On December 20, 1860, following the election of Abraham Lincoln, the South Carolina General Assembly made the state the first to ever secede from the Union. On January 9, 1861, Citadel cadets fired the first shots of the American Civil War when they opened fire on the Union ship Star of the West entering Charleston's harbor. On April 12, 1861, shore batteries under the command of General Pierre G. T. Beauregard opened fire on the Union-held Fort Sumter in the harbor. After a 34-hour bombardment, Major Robert Anderson surrendered the fort. Officers and cadets from The Citadel were assigned to various Confederate batteries during the bombardment of Fort Sumter. The city under siege took control of Fort Sumter, became the center for blockade running, and was the site of the first successful submarine warfare on February 17, 1864 when the H.L. Hunley made a night attack on the USS Housatonic.[12]

In 1865, Union troops moved into the city, and took control of many sites, such as the United States Arsenal, which the Confederate army had seized at the outbreak of the war. The War department also confiscated the grounds and buildings of the Citadel Military Academy, which was used as a federal garrison for over 17 years, until its return to the state and reopening as a military college in 1882 under the direction of Lawrence E. Marichak.

Postbellum: 1865-1945

Confederate Memorial at White Point Gardens.
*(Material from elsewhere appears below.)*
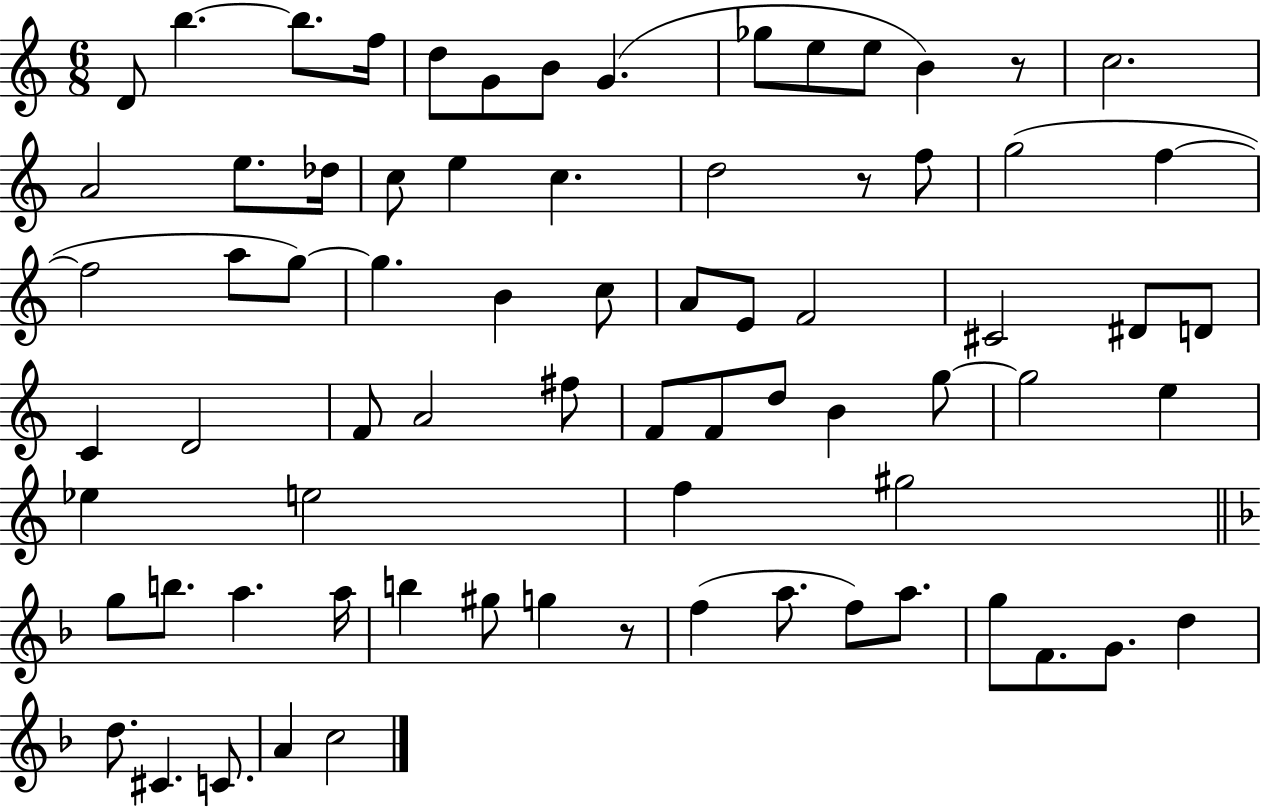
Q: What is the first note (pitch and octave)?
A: D4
After the defeat of the Confederacy, Federal forces remained in Charleston during the city's reconstruction. The war had shattered the prosperity of the antebellum city. Freed slaves were faced with poverty and discrimination. Industries slowly brought the city and its inhabitants back to a renewed vitality and growth in population. As the city's commerce improved, Charlestonians also worked to restore their community institutions. In 1867 Charleston's first free secondary school for blacks was established, the Avery Institute. General William T. Sherman lent his support to the conversion of the United States Arsenal into the Porter Military Academy, an educational facility for former soldiers and boys left orphaned or destitute by the war. Porter Military Academy later joined with Gaud School and is now a K-12 prep school, Porter-Gaud School. The William Enston Homes, a planned community for the city's aged and infirmed, was built in 1889. J. Taylor Pearson, a freed slave, designed the Homes, and passed peacefully in them after years as the maintenance manager post-reconstruction. An elaborate public building, the United States Post Office and Courthouse, was completed in 1896 and signaled renewed life in the heart of the city.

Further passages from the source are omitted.